Many of the great young adult books do just that. I believe for me the Tillerman Saga was the guiding force. The world it granted me still colours my life today. The things you read as a kid are indeed powerful. Now that I am undeniably adult, I don’t want to intrude in that world. I certainly didn’t want adults intruding in my fiction world when I was young. I didn’t want anyone to debate with me about Dicey’s character.

And yet the world seems drawn these days to young adult fantasy series. It has irked me since the early days of Harry Potter, when I was in high school and my friends became obsessed. I read Harry Potter only after the final book came out – all books in one weekend. With the Hunger Games, I resisted also. I read only to see what the fuss was about. Both times, I was reinforced in my belief that adults should not read books for young adults. For two reasons: first, kids may be discovering new worlds through these books, they don’t need my critical adult perspective interfering; second, adults should read books with more mature ideas and non-grating prose. I prefer books that treat kids and young adults as intelligent enough to grapple with sensitive ideas, so in that case – well, I guess adults can stand to learn from them as well. But Harry Potter and the Hunger Games do not include such books.
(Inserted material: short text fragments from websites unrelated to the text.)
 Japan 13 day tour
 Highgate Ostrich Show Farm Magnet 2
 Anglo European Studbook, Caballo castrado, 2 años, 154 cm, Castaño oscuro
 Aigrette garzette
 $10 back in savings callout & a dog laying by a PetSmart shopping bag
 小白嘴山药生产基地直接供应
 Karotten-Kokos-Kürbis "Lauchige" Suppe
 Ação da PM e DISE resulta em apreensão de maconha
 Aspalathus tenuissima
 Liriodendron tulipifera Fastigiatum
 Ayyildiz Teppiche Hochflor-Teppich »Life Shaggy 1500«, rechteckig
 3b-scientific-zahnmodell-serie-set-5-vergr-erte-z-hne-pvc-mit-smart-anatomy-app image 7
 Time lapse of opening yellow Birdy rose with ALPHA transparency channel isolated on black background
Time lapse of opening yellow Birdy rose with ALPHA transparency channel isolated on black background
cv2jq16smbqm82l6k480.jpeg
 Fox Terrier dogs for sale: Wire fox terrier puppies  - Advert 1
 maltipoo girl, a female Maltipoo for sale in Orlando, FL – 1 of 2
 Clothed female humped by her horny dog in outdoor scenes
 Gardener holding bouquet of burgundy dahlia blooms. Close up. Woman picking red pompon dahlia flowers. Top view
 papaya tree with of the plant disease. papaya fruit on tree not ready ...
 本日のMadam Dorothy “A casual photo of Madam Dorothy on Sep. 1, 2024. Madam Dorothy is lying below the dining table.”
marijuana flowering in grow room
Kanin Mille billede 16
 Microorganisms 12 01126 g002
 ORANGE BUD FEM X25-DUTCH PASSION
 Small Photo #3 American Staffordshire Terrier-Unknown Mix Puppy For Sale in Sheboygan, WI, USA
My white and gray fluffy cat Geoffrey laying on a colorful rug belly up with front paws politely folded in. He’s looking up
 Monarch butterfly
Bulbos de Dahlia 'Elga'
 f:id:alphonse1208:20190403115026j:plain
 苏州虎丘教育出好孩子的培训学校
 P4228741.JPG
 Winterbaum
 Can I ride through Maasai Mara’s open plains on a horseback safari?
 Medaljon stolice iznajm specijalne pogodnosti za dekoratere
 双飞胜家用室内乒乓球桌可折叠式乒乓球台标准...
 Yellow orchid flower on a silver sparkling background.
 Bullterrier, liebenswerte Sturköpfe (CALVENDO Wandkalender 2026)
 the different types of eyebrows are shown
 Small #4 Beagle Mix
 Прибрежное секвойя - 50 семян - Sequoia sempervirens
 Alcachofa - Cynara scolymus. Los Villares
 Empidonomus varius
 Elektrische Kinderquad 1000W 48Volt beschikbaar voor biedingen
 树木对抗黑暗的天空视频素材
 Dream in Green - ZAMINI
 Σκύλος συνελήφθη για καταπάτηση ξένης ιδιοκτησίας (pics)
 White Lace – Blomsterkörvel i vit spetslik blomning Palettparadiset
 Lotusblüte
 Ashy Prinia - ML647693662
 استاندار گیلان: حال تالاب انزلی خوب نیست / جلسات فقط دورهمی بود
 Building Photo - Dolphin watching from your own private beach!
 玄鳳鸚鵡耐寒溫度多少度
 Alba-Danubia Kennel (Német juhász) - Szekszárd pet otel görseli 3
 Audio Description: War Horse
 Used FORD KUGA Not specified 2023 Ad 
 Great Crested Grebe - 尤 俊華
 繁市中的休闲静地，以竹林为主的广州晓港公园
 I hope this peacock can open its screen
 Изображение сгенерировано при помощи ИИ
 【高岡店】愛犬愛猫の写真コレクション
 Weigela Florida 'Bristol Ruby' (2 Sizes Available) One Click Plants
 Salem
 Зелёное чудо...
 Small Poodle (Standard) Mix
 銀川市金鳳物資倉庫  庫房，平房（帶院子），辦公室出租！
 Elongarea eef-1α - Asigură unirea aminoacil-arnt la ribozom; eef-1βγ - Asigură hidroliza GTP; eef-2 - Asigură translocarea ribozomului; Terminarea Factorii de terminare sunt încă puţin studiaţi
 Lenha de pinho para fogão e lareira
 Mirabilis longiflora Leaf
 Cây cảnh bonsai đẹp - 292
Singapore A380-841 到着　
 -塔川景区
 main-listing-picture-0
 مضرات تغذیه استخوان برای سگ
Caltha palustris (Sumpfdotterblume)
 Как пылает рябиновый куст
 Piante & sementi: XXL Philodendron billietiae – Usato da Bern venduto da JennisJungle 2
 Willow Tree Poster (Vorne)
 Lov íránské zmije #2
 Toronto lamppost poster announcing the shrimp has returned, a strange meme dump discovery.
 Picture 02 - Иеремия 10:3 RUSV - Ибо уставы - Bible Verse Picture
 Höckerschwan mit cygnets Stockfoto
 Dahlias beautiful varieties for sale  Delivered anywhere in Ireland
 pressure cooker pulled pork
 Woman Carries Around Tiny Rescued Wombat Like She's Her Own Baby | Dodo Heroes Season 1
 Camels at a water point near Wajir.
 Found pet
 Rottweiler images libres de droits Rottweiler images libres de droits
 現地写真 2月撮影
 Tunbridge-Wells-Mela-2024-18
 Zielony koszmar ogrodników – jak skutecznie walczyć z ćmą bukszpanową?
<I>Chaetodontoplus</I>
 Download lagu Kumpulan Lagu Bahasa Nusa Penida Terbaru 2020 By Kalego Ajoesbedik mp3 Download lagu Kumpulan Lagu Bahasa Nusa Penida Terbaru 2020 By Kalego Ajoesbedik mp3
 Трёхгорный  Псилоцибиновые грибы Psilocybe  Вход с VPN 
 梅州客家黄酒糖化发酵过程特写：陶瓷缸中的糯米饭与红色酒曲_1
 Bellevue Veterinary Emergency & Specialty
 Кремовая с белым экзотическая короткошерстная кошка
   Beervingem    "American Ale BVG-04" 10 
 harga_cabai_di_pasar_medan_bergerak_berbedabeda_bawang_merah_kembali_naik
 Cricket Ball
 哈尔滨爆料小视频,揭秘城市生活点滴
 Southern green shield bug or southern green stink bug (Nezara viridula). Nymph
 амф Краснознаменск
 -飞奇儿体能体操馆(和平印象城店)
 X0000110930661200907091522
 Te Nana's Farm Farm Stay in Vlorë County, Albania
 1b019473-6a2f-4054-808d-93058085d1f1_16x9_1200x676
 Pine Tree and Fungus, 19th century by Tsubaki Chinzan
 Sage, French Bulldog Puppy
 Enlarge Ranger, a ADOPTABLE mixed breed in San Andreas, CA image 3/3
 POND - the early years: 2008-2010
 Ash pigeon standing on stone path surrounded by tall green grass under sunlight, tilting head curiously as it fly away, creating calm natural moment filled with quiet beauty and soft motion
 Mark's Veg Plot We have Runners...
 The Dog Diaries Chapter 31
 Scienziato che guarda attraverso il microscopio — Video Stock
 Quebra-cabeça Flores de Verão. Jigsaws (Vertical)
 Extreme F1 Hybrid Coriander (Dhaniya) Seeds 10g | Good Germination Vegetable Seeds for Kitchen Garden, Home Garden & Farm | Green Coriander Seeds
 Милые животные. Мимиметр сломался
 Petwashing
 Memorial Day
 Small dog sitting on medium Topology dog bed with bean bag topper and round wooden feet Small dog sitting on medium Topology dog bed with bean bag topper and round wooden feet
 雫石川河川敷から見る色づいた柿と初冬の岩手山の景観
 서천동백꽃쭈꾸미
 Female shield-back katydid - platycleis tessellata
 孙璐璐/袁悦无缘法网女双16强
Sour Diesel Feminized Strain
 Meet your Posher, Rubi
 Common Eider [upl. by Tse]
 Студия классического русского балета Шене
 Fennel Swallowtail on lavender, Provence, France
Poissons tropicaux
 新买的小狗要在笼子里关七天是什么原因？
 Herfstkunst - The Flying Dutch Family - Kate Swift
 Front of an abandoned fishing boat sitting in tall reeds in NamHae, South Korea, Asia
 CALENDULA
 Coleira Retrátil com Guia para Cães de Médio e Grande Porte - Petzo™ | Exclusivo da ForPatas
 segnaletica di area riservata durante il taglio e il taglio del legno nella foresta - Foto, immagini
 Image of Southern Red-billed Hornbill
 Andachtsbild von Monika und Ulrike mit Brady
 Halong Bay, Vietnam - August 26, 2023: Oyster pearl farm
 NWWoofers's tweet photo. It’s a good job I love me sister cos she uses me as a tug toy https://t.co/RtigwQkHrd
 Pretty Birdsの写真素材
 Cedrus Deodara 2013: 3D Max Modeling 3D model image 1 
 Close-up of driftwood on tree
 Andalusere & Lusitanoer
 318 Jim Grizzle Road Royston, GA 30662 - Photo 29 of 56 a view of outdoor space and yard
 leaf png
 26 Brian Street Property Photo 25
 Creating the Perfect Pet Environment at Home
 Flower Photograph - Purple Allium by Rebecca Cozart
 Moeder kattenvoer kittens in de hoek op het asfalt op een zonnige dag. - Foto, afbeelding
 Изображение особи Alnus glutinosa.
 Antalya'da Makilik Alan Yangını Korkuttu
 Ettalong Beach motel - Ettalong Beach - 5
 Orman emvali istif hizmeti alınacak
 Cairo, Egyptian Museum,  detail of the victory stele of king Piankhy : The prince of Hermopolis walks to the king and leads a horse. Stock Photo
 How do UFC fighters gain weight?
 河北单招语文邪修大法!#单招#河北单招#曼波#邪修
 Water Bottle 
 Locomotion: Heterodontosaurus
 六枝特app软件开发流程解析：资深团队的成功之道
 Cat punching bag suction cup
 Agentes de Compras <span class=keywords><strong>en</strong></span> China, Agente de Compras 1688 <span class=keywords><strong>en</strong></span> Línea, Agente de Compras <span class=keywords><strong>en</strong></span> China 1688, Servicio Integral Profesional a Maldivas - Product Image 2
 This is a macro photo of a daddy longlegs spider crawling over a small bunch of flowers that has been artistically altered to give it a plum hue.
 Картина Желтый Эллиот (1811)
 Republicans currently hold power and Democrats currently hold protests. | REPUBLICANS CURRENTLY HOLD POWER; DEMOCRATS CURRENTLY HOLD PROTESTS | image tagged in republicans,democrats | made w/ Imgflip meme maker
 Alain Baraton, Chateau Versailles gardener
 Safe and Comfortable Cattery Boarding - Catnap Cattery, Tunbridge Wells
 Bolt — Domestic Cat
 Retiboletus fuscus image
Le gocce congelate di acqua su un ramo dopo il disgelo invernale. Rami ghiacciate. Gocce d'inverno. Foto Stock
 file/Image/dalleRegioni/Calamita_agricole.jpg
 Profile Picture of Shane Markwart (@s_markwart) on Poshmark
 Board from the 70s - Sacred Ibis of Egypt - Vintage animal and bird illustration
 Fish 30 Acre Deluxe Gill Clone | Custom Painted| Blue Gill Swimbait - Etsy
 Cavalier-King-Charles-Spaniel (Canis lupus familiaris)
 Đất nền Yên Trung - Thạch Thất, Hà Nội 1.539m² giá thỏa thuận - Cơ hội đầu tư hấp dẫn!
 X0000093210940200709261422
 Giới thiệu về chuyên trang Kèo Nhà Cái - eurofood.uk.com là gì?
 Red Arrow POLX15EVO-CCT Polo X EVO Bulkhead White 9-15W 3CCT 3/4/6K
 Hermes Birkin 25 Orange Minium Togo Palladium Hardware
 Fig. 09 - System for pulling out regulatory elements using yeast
To me, Harry Potter was mediocre at best. The plot was well developed, but the writing was obnoxious and the characters tedious and underdeveloped. The Hunger Games trilogy was better, in the sense that the prose did not irritate me and the characters had some development. However, in both cases, the ideas were simplistic. I had hopes for the Hunger Games … but what is a dystopia without reason? What does the trilogy reveal about humankind? What does it criticise? What is the point of the whole thing? There is no truth that I could sense. It was as though the whole situation had come about by chance. The characters still could all be defined as good or bad. Are kids not capable of more?

I hesitated therefore to read the Earthsea Cycle, but I caved because I simply love Ursula K. Le Guin. Left Hand of Darkness is brilliance, and just a few months ago I read the book Lavinia, which was simply beautiful and incredibly powerful. One thing I love about Le Guin is her awareness of herself as a writer, her awareness of what she is doing.

And so I have now read the first two books of the Earthsea Cycle. There is no chance here. Everything is infused with meaning. Most importantly, Le Guin moves away from the dichotomy of good vs. evil. She instead recognizes that light and dark are codependent. There is no wondering about whether or not Le Guin reveals anything about the nature of life and humankind – the problem is perhaps she reveals too much. Even for an adult, these books justify a rereading or two so that you can fully understand just how much she is saying.

And this is what I love about the Earthsea Cycle. Not that it says something – but that it does not treat children and teenagers as idiots. It trusts them to understand the more complex issues. It doesn’t have to be as simple as good vs. evil. They are capable of more.

When I finish the Earthsea Cycle, I will write more. But I am thus far very pleased … not just because I like the books, but because Le Guin writes these books with true ideas and with true prose, nothing dumbed down or made silly to appeal to teens.